African Network for the Prevention and Protection against Child Abuse and Neglect (ANPPCAN) describes itself as a “pan African network that promotes child rights and child protection in Africa.”

This map is gray because I only have one source of information about them. ANPPCAN has not joined GlobalGiving, so I don’t have a track record of how the org describes itself to contrast with the 27 stories that we collected about them. From their website, I can quickly see that they have an inflated self-image, using the phrase “pan-African network” when all 27 stories about them came from Makono or Jinja, Uganda.

ADDING COLOR WITH AN ALGORITHM

In the maps below, each node (or word) has a color. Red words come from the organization’s mission, description, projects, and project updates on GlobalGiving. Blue words come entirely from related stories. Shades of purple overlap both groups to various degrees.

Vijana Amani Pamoja vs. Mrembo Project Stories

First, the wide-angle view.

I assume that good organizations communicate their purpose clearly. This map makes it quite clear that their donor communications have little in common with their project beneficiary stories. This org (VAP) went out and collected stories about their MREMBO project themselves, and were pleased to find out just exactly what adolescent girls were or were not learning after participation. Here’s more detail on that:

What stands out is that there are very few purple nodes. What overlaps here are the words aids, time, and program. The rest of the map shows that VAP can do more to describe their projects to donors from the perspective of the girls who are participating. There is still a lot more ‘drilling down’ one can do.

Since the goal of the mrembo program was to teach girls about female adolescent issues, we can now compare stories from mrembo girls to stories from all other storytellers that discuss these issues (early pregnancy, rape, HIV, and abuse):

Stories that mention ‘mrembo’ vs stories that include the words ‘rape’ and ‘prevent’:

NOTE: Mrembo stories are in blue. Rape + prevent stories from everywhere else are in red. Overlapping words are pink/purple.

So, in your opinion, is there enough overlap between these two sets of stories?

I would say yes. Many of the issues they intended to cover are mentioned in blue or purple, and most of the red words are not relevant. This does reveal that the Mrembo project could do more to talk about violence, and treatment (for rape or assault?). It also reveals that people outside of the mrembo project fail to make the association between HIV/AIDS and rape. Pregnancy and marriage are also program-focus ideas.

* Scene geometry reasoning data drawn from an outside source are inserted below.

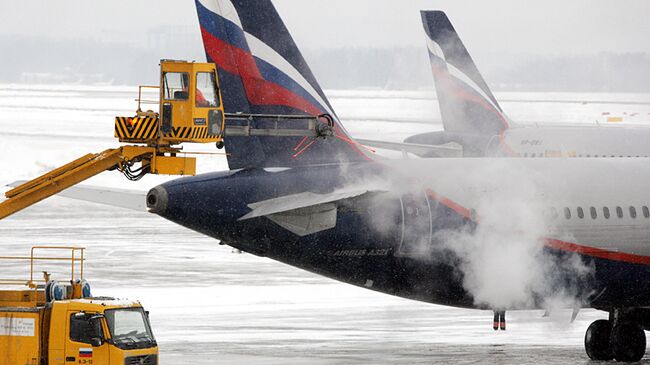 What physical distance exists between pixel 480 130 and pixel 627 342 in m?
28.7

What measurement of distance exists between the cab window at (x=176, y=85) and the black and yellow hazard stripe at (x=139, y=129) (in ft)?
2.17

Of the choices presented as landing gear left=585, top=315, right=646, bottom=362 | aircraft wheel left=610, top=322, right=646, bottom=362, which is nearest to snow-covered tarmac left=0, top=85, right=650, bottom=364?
landing gear left=585, top=315, right=646, bottom=362

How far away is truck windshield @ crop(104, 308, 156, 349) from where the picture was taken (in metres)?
26.6

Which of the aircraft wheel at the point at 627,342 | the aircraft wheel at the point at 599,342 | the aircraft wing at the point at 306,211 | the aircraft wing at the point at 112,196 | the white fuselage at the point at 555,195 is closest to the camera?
the aircraft wing at the point at 306,211

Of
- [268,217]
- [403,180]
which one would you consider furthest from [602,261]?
[268,217]

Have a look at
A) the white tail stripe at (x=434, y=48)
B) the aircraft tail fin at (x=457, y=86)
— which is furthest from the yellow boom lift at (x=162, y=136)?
the white tail stripe at (x=434, y=48)

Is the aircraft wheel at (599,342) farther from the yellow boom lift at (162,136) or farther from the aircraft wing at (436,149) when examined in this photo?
the aircraft wing at (436,149)

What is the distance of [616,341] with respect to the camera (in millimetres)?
35250

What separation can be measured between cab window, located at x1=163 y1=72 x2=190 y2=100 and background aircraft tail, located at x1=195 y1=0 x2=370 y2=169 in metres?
3.64

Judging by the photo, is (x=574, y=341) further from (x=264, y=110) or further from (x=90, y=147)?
(x=90, y=147)

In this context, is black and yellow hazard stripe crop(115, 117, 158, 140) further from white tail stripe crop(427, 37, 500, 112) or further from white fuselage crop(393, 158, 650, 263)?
white tail stripe crop(427, 37, 500, 112)

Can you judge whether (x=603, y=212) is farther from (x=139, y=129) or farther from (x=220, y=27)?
(x=139, y=129)

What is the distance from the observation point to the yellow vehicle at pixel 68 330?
2639 cm

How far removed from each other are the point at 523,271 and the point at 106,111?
15812 cm
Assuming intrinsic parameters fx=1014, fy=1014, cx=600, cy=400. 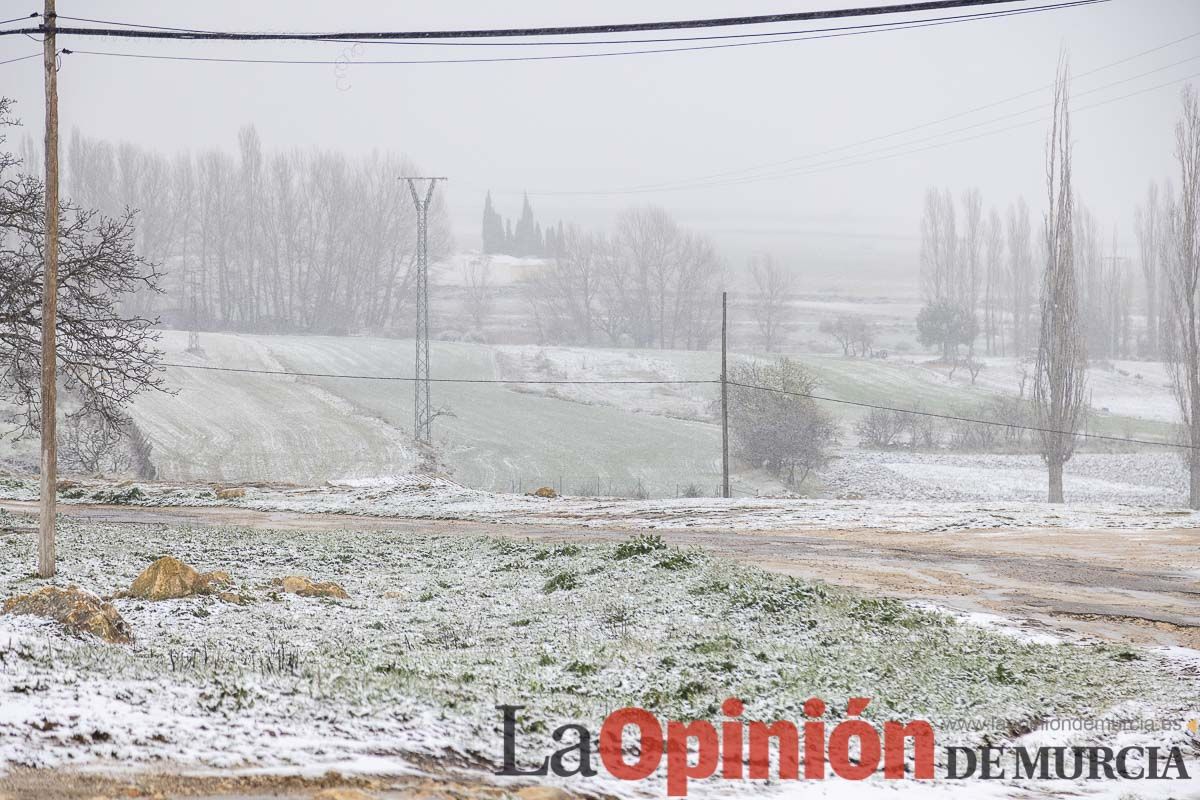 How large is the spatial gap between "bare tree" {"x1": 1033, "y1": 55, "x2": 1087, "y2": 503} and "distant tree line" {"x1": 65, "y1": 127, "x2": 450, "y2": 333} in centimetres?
7011

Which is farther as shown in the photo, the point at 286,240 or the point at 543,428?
the point at 286,240

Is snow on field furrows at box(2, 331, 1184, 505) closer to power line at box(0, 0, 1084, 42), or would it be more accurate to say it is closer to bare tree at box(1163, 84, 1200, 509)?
bare tree at box(1163, 84, 1200, 509)

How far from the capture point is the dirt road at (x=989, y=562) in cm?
1223

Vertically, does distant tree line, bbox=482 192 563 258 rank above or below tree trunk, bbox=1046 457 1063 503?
above

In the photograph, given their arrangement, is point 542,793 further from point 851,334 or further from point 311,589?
point 851,334

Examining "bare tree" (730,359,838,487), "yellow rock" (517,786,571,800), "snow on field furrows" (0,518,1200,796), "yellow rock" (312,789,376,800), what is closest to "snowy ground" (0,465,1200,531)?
"snow on field furrows" (0,518,1200,796)

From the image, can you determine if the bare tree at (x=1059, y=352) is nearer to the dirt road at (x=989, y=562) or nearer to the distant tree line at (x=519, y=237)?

What about mrembo stories vs. rape, marriage, or unwanted pregnancy stories?

This map suffers from an order of magnitude difference in sample sizes (61 mrembo stories compared with 922 stories about rape, ‘early marriage’, or pregnancy). This sample size difference means that we can expect blue nodes to remain blue. Anything purple has really been emphasized by the mrembo stories.

What Nancy, the project manager, can do with this map is still get a clear picture of what related issues are lurking out there that can be addressed in future after-school life skills classes. Notice how child abuse emerges as a related issue.

And of course, there is another useful benchmark – another organization was running an anti-rape program targeting men. With hundreds of stories about Sita Kimya, you can do a head-to-head comparison:

Mrembo girls’ stories vs Sita Kimya guys’ stories

Because we have dozens of meta-data elements tied to these stories, we can apply any filter we want. In this case, I’ve only included stories told by girls that mention ‘mrembo’ (beautiful in swahili) project in red, compared with ‘Sita Kimya’ (I will not be silent!) stories from men in blue. As with all my other tools, the lack of connection between rape and HIV or marriage continues to be obvious among the hundreds of Sita Kimya stories from men.

Also note how men talk about ‘rape cases’ whereas girls talk about ‘rape’ in ‘school’. 

Trans-Nzoia Youth Sports Association (TYSA)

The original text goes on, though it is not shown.